I don’t know when I found out that Ronnie’s brother was Ray Millar,the drummer in The Miami Showband, but I have often wondered about the impact of that horrible night on a man who loved and sold music for a living.
All those years when I was collecting vinyl, it didn’t matter when I didn’t have a boyfriend or had nowhere to go on a Friday night. Even when I had convinced myself I would be “left on the shelf,” it didn’t seem that bad given the company I was keeping – Lowell George, Linda Rondstadt, Bruce Springsteen, Bob Dylan, Van Morrison, Lou Reed, The Eagles, Fleetwood Mac, Janis Joplin, John Cougar, and The Horslips. Meanwhile, my parents were listening to Jim Reeves, Hank Williams, Patsy Cline, Hank Lochlin – and although I resisted the steady diet of country and western, it someshow moved in and took up permanent residence in my heart as well. The music made everything better, and one of my fondest memories is of sitting in my bedroom on a Friday night with our dog almost hypnotized watching Joan Armatrading’s “Love and Affection” spin around on the turntable.

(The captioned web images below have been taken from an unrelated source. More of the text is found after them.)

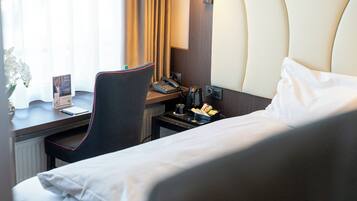 Ein Hotelzimmer mit einem Bett, einem Schreibtisch mit Telefon, einem Sessel, einem kleinen Tisch mit Lampe und einem Fenster mit Vorhängen.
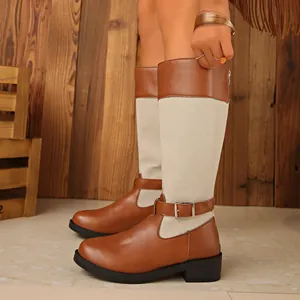 Detail of colorblock knight boots featuring brown leather and beige denim patchwork.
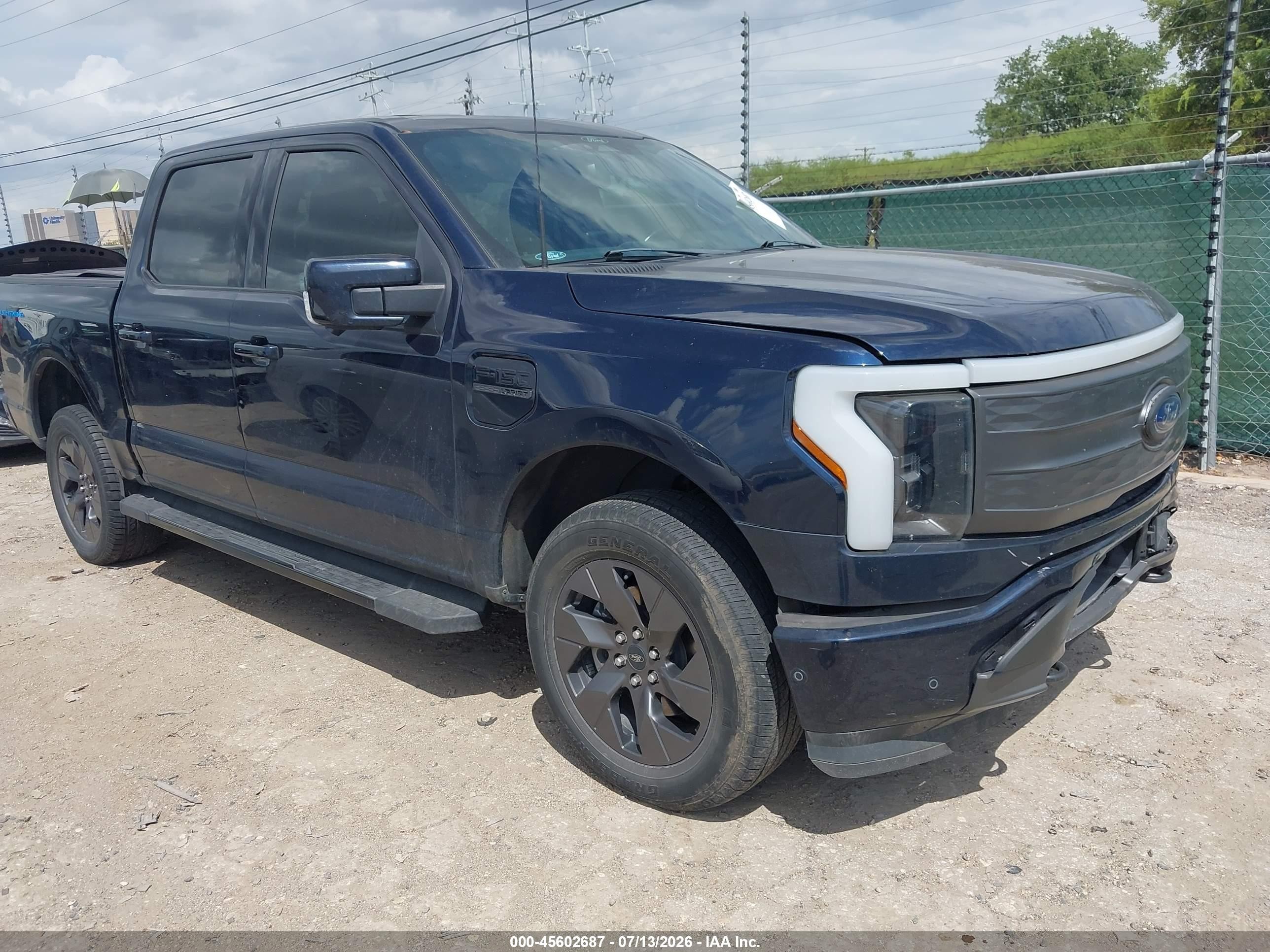 2022 Ford F-150 Lightning VIN 1FTVW1EL5NWG15533 — IAAI salvage auction photo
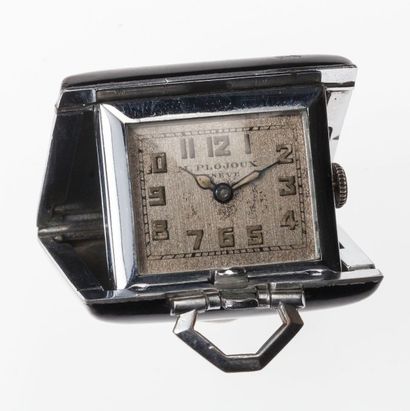 M. Plojoux Genève. Vers 1930 Petite montre de voyage en acier et bakélite. Le cadran...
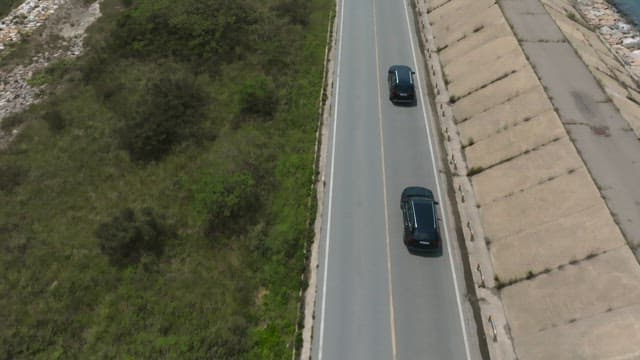Cars driving on a coastal road surrounded by greenery and the sea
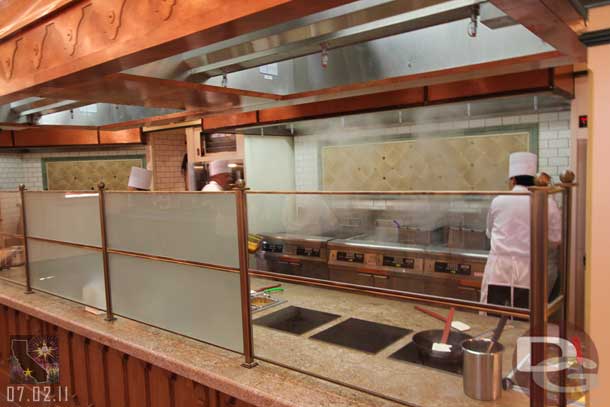 The kitchen areas are open so you can watch them prepare the dishes.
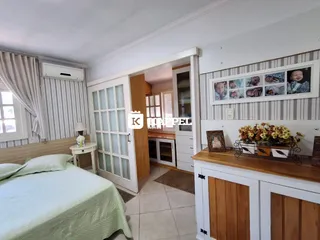 Quarto com cama de casal e janela com cortinas brancas.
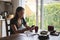 Natural woman with smart-phone sitting on wooden kitchen table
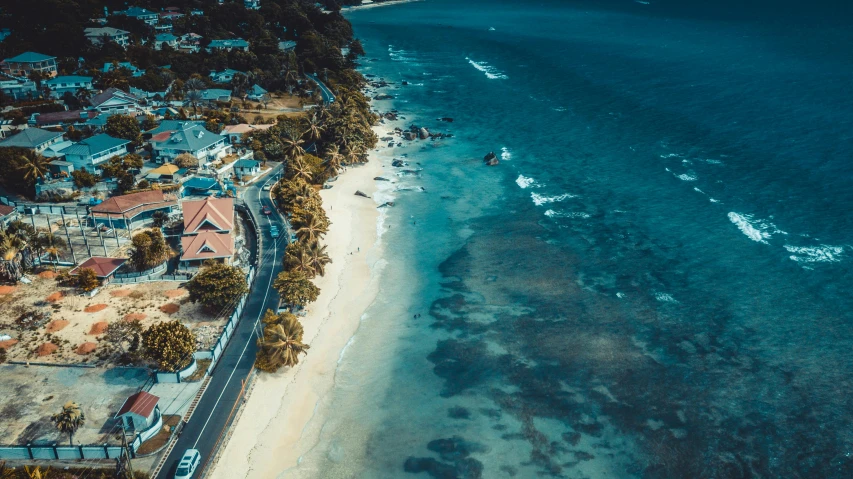 a large body of water next to a beach, a screenshot, pexels contest winner, helicopter view, reunion island, beachfront mansion, road to the sea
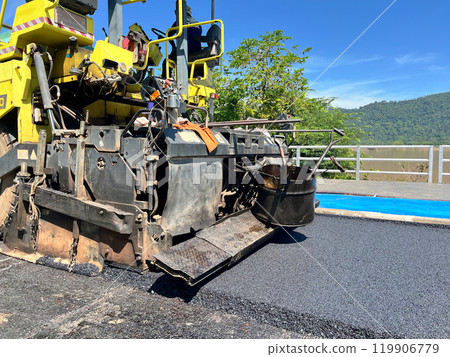 asphalt paver machine laying fresh asphalt on a road. The image captures the machinery in action, showing the spreader screed and other components, smooth layer of asphalt, construction site, civil 119906779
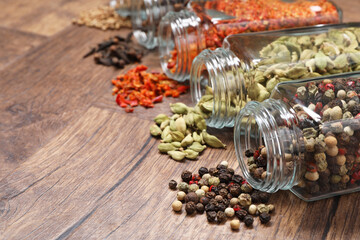 Wall Mural - Different spices in glass jars on wooden table, space for text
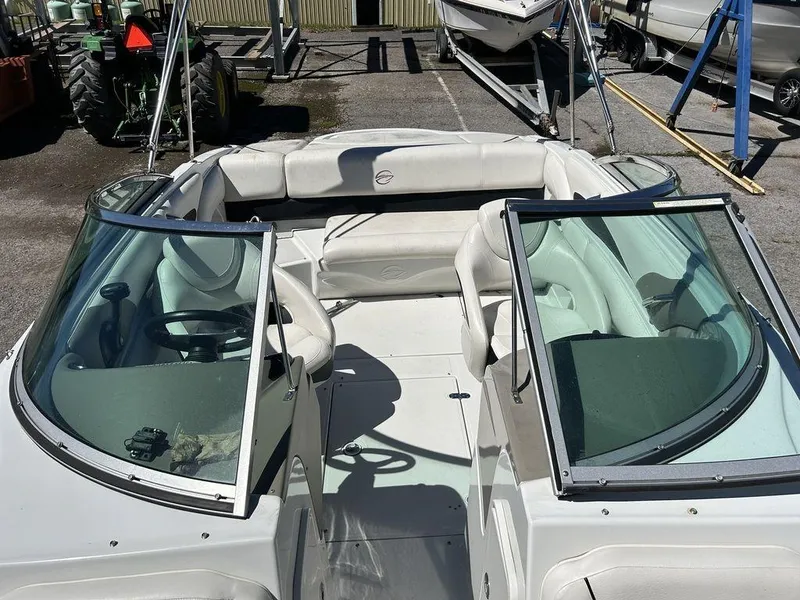 Slide: The Image of 2011 Crownline 220LS boat interior with white seating and windshield. - 21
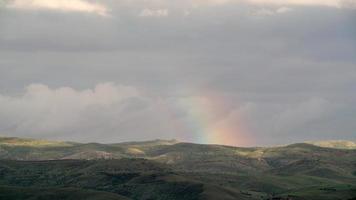 8k Regenbogen über grünen Hügeln mit spärlichen Bäumen video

By the late 1980s, I began making cassettes – mix tapes – hundreds of them. A labor of love, there was none of this easy downloading, dragging and dropping of music into an iTunes library. No. A mixed tape required hours and hours of opening albums, choosing just the right song, making sure the needle was clean, then dropping it in the groove, and making sure to press record and pause at exactly the right time. And then you’d give it to some boy or girl, hoping the tunes said what you could not. (Or maybe that was just me.) Then you’d wait for feedback.Those were the days of delayed gratification, and I miss them.
If you don’t know Native American poet and author, Sherman Alexie, you really should. He knew a thing or two about the mix tape, as he writes in this “Ode“
Ode to a Mix Tape
These days, it’s too easy to make mix tapes. CD burners, iPods, and iTunes Have taken the place Of vinyl and cassette. And, soon Enough, clever introverts will create Quicker point-and-click ways to declare One’s love, lust, friendship, and favor. But I miss the labor Of making old school mix tapes— the mid air
Acrobatics of recording one song At a time. It sometimes took days To play, choose, pause, Ponder, record, replay, erase, And replace. But there was no magic wand. It was blue-collar work. A great mix tape Was sculpture designed to seduce And let the hounds loose. A great mix tape was a three-chord parade
Led by the first song, something bold and brave, A heat-seeker like Prince with “Cream,” Or “Let’s Get It on,” by Marvin Gaye. The next song was always Patsy Cline’s “Sweet Dreams,” or something by Hank. But O, the last track Was the vessel that contained The most devotion and pain And made promises that you couldn’t take back.
~ a labor of love.
My plan in November 2013 was to go through all the boxes of vinyl stored in the roof-space of my parent’s house in County Derry. Inspired by a very cool record shop I had discovered during my week in Dublin, I was going to bring back to my Phoenix home, my favorite albums – the soundtrack of my youth in Northern Ireland. My plan was to resurrect the turntable that was part of the stereo system my husband bought for me the year we met.
Back then, I was living alone in an apartment in Phoenix, and he surprised me with it. It had the tape deck, CD player, and, the trusty turntable – although by that time, nobody was buying vinyl. Still, I must have believed it would make a comeback, because I held onto it. It’s in a cupboard along with other things of sentimental value. He kept asking me why I just didn’t get rid of it, but he knew I wouldn’t. I couldn’t. And, I cannot. In fact, it moved to a prominent place in my living room in Phoenix.
Ken would have loved to see me break out that turntable to play his favorite Lou Reed album. But life barged in, the way it always does, when I was busy making other plans for us, and he never got to see me resurrect the turntable. How I would have liked just one more spin. For the good times.
Unlike the evanescence of music afloat in a virtual cloud, vinyl records give us something to hold on to, something solid that represents a spot of time in our lives. This isn’t just nostalgia for my youth, it’s more than that. It’s a reminder that good things were and still are worth waiting for. Like peace – in Northern Ireland.